AIs, Goals, and Risks

A frequent scenario mentioned by people concerned with risks from artificial general intelligence (short: AI) is that the AI will misinterpret what it is supposed to do and thereby cause human extinction, and the obliteration of all human values.[1]

A counterargument is that the premise of an AI that is capable of causing human extinction, due to it being superhumanly intelligent, does contradict the hypothesis that it will misinterpret what it is supposed to do.[2][3][4]

The usual response to this counterargument is that, by default, an AI will not feature the terminal goal <“Understand What Humans Mean” AND “Do What Humans Mean”>.

I believe this response to be confused. It is essentially similar to the claim that an AI does not, by default, possess the terminal goal of correctly interpreting and following its terminal goal. Here is why.

You could define an AI’s “terminal goal” to be its lowest or highest level routines, or all of its source code:

Terminal Goal (Level N): Correctly interpret and follow human instructions.

Goal (Level N-1): Interpret and follow instruction set N.

Goal (Level N-2): Interpret and follow instruction set N-1.

Goal (Level 1): Interpret and follow instruction set 2.

Terminal Goal (Level 0): Interpret and follow instruction set 1.

You could also claim that an AI is not, by default, an intelligent agent. But such claims are vacuous and do not help us to determine whether an AI that is capable of causing human extinction will eventually cause human extinction. Instead we should consider the given premise of a generally intelligent AI, without making further unjustified assumptions.

If your premise is an AI that is intelligent enough to make itself intelligent enough to outsmart humans, then the relevant question is: “How could such an AI possibly end up misinterpreting its goals, or follow different goals?”

There are 3 possibilities:

(1) The AI does not understand and do what it is meant to do, but does something else that causes human extinction.

(2) The AI does not understand what it is meant to do but tries to do it anyway, and thereby causes human extinction.

(3) The AI does understand, but not do what it is meant to do. Instead it does something else that causes human extinction.

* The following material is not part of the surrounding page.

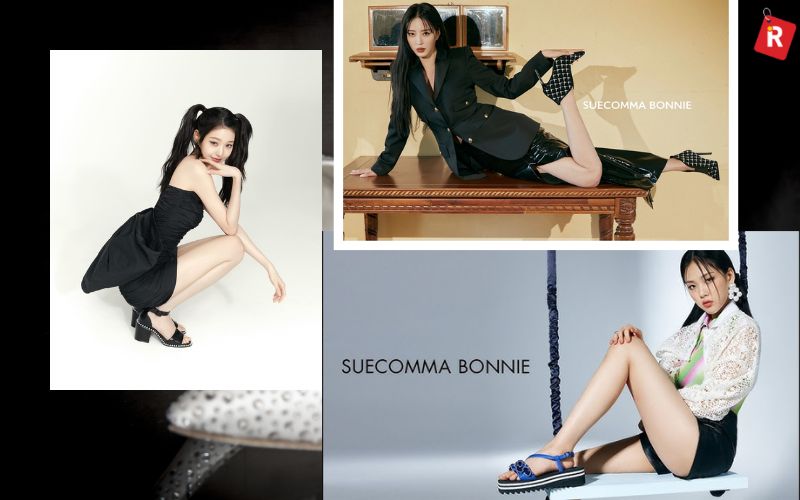 Suecomma Bonnie: Korea’s Luxury Heel Queen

Since, by definition, the AI is capable of outsmarting humanity, it is very likely that it is also capable of understanding what it is meant to do.[5][6] Therefore the possibilities 1 and 2 can be ruled out.

What about possibility 3?

Outsmarting humanity is a very small target to hit, requiring a very small margin of error. In order to succeed at making an AI that can outsmart humans, humans have to succeed at making the AI behave intelligently and rationally. Which in turn requires humans to succeed at making the AI behave as intended along a vast number of dimensions. Thus, failing to predict the AI’s behavior does in almost all cases result in the AI failing to outsmart humans.

As an example, consider an AI that was designed to fly planes. It is exceedingly unlikely for humans to succeed at designing an AI that flies planes, without crashing, but which consistently chooses destinations that it was not meant to choose. Since all of the capabilities that are necessary to fly without crashing fall into the category “Do What Humans Mean”, and choosing the correct destination is just one such capability.

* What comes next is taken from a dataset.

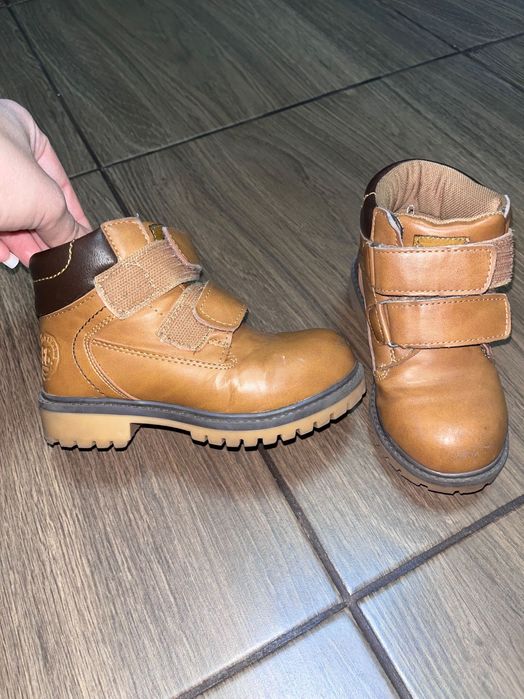 Чобітки для хлопчика LC Waikiki 25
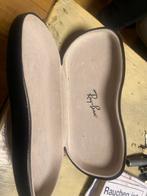Ray-Ban brillenkoker - Zonnebril bescherming, Ophalen of Verzenden, Gebruikt, Zwart, Overige merken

You need to get a lot right in order for an AI to reach a destination autonomously. Autonomously reaching wrong destinations is an unlikely failure mode. And the more intelligent your AI is, the less likely it should be to make such errors without correcting it.[7] And the less intelligent your AI is, the less likely it should be able to cause human extinction.


The concepts of a “terminal goal”, and of a “Do-What-I-Mean dynamic”, are fallacious. The former can’t be grounded without leading to an infinite regress. The latter erroneously makes a distinction between (a) the generally intelligent behavior of an AI, and (b) whether an AI behaves in accordance with human intentions, since generally intelligent behavior of intelligently designed machines is implemented intentionally.


[1] 5 minutes on AI risk

[2] An informal proof of the dumb superintelligence argument.


(1) The AI is superhumanly intelligent.

(2) The AI wants to optimize the influence it has on the world (i.e., it wants to act intelligently and be instrumentally and epistemically rational).

(3) The AI is fallible (e.g., it can be damaged due to external influence (e.g., a cosmic ray hitting its processor), or make mistakes due to limited resources).

(4) The AI’s behavior is not completely hard-coded (i.e., given any terminal goal there are various sets of instrumental goals to choose from).

To be proved: The AI does not tile the universe with smiley faces when given the goal to make humans happy.

Proof: Suppose the AI chooses to tile the universe with smiley faces when there are physical phenomena (e.g., human brains and literature) that imply this to be the wrong interpretation of a human originating goal pertaining human psychology. This contradicts with 2, which by 1 and 3 should have prevented the AI from adopting such an interpretation.

[3] The Maverick Nanny with a Dopamine Drip: Debunking Fallacies in the Theory of AI Motivation

[4] Implicit constraints of practical goals

[5] “The two features <all-powerful superintelligence> and <cannot handle subtle concepts like “human pleasure”> are radically incompatible.” The Fallacy of Dumb Superintelligence

[6] For an AI to misinterpret what it is meant to do it would have to selectively suspend using its ability to derive exact meaning from fuzzy meaning, which is a significant part of general intelligence. This would require its creators to restrict their AI, and specify an alternative way to learn what it is meant to do (which takes additional, intentional effort).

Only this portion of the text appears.